_What the task requires_. Without any pictures, print the lines below from the one that has "3C6UR5CL1JG344368 фото 2" through the one that has "米乐：塑胶跑道基础包括什么", exactly and nothing else.

_Provided records_.
______________________________
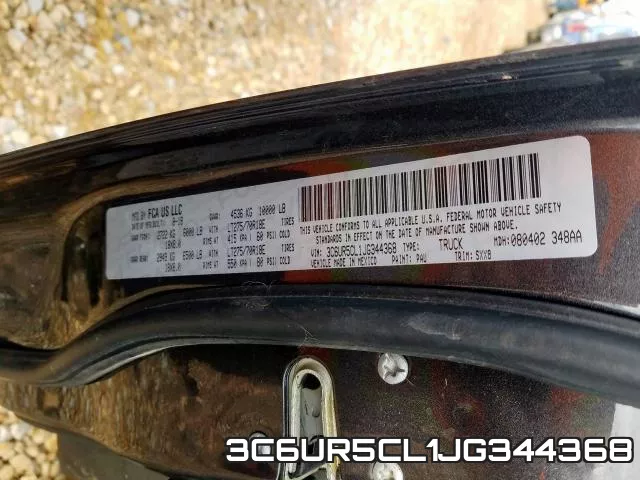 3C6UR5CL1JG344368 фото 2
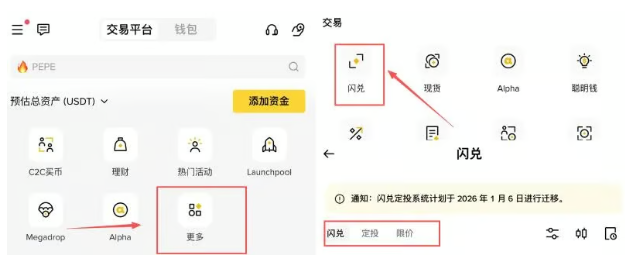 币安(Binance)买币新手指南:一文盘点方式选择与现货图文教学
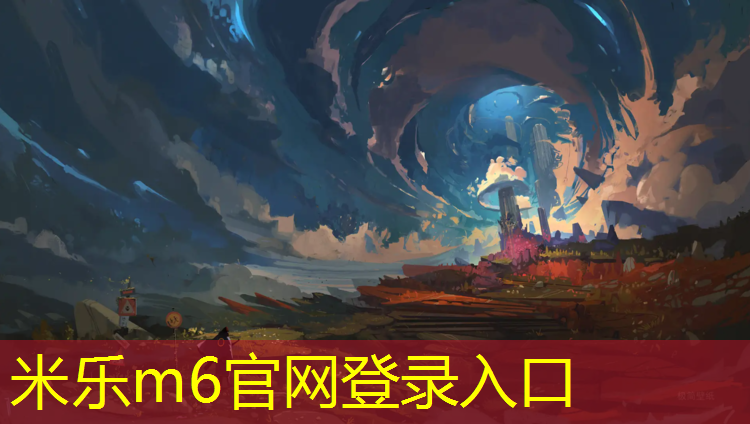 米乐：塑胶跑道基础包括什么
______________________________
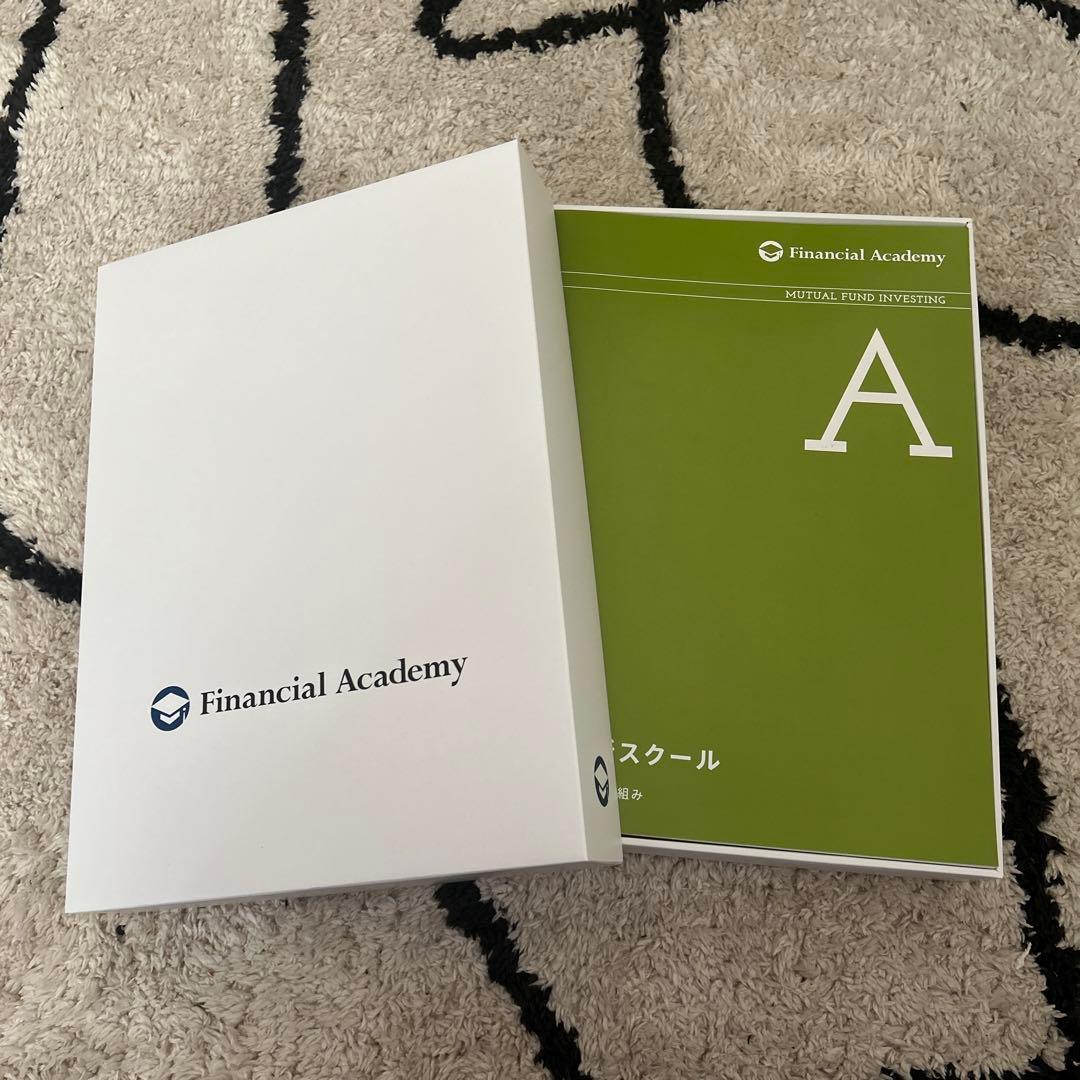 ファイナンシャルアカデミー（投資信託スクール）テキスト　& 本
______________________________
_Task output_.
 3C6UR5CL1JG344368 фото 2
 币安(Binance)买币新手指南:一文盘点方式选择与现货图文教学
 米乐：塑胶跑道基础包括什么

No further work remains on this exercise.